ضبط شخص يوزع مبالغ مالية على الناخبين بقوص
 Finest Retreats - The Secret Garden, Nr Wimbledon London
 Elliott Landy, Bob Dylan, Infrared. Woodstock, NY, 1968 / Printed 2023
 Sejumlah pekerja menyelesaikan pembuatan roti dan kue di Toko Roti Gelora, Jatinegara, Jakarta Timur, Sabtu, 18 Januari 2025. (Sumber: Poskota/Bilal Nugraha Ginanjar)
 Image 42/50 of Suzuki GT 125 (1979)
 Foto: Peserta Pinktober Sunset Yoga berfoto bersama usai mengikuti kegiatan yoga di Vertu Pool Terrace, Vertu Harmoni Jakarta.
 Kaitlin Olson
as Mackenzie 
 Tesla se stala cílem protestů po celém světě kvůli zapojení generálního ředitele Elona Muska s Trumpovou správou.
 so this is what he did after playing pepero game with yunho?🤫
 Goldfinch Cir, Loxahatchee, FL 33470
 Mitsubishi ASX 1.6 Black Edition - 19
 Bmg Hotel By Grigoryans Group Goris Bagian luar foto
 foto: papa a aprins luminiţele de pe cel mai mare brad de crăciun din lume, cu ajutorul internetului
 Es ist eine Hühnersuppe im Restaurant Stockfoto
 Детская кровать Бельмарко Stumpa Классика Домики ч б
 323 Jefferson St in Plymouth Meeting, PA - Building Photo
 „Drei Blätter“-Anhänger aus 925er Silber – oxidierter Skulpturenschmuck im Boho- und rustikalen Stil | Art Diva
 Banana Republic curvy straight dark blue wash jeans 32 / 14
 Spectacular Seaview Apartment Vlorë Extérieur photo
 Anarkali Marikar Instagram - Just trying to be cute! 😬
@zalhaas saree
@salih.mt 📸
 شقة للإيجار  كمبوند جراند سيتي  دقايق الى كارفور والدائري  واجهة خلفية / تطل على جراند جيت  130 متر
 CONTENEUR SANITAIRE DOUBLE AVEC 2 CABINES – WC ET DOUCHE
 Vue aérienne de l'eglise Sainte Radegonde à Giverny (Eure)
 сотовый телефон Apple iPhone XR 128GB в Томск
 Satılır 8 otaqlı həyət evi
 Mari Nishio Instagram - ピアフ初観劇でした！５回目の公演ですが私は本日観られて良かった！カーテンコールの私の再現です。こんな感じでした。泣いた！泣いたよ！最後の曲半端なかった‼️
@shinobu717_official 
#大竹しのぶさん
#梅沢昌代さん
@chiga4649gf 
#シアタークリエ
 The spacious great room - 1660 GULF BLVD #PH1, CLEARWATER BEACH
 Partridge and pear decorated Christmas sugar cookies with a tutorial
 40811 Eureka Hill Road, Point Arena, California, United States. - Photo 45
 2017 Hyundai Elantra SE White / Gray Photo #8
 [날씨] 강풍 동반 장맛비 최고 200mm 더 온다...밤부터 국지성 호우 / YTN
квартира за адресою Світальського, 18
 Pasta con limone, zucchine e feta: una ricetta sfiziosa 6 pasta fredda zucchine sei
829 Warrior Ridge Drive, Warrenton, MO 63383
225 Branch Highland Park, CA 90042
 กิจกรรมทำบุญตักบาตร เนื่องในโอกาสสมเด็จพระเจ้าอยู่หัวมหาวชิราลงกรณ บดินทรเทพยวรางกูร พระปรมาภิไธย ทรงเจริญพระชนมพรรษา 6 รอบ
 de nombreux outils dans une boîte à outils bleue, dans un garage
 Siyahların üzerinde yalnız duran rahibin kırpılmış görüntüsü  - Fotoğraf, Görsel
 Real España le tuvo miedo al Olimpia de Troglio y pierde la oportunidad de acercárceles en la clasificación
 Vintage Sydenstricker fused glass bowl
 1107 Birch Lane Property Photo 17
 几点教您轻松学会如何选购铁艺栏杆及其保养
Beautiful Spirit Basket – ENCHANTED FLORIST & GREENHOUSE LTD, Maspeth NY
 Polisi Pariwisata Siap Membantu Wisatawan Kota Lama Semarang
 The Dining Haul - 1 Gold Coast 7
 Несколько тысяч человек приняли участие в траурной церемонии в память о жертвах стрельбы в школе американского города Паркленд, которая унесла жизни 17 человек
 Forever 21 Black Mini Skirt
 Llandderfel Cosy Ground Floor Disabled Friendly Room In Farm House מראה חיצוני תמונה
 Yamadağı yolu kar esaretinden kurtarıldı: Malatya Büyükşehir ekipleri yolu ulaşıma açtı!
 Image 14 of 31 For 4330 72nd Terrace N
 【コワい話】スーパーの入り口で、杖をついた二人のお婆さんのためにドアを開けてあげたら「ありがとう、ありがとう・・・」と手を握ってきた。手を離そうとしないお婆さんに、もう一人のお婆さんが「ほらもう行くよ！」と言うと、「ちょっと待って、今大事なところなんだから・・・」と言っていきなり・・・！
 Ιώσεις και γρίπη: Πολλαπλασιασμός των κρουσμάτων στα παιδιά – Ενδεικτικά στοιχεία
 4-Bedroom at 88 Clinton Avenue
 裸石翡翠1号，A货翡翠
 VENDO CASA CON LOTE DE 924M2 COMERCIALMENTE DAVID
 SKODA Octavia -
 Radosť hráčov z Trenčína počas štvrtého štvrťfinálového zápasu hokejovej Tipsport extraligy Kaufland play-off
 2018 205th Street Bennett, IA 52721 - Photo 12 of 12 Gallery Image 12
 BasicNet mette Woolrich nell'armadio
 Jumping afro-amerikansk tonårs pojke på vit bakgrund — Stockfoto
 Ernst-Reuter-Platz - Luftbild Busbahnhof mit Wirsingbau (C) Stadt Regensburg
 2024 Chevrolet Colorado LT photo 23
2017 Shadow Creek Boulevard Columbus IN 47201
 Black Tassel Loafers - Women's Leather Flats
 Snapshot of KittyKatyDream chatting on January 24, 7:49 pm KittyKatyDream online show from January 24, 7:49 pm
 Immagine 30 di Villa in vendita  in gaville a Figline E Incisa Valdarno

- **WHAT THE TASK REQUIRES**
Look in the material above for the line with "Mari Nishio Instagram" and the line with "Pasta con limone, zucchine", and transcribe exactly those lines and all lines between them, nothing more.

- **TASK OUTPUT**
 Mari Nishio Instagram - ピアフ初観劇でした！５回目の公演ですが私は本日観られて良かった！カーテンコールの私の再現です。こんな感じでした。泣いた！泣いたよ！最後の曲半端なかった‼️
@shinobu717_official 
#大竹しのぶさん
#梅沢昌代さん
@chiga4649gf 
#シアタークリエ
 The spacious great room - 1660 GULF BLVD #PH1, CLEARWATER BEACH
 Partridge and pear decorated Christmas sugar cookies with a tutorial
 40811 Eureka Hill Road, Point Arena, California, United States. - Photo 45
 2017 Hyundai Elantra SE White / Gray Photo #8
 [날씨] 강풍 동반 장맛비 최고 200mm 더 온다...밤부터 국지성 호우 / YTN
квартира за адресою Світальського, 18
 Pasta con limone, zucchine e feta: una ricetta sfiziosa 6 pasta fredda zucchine sei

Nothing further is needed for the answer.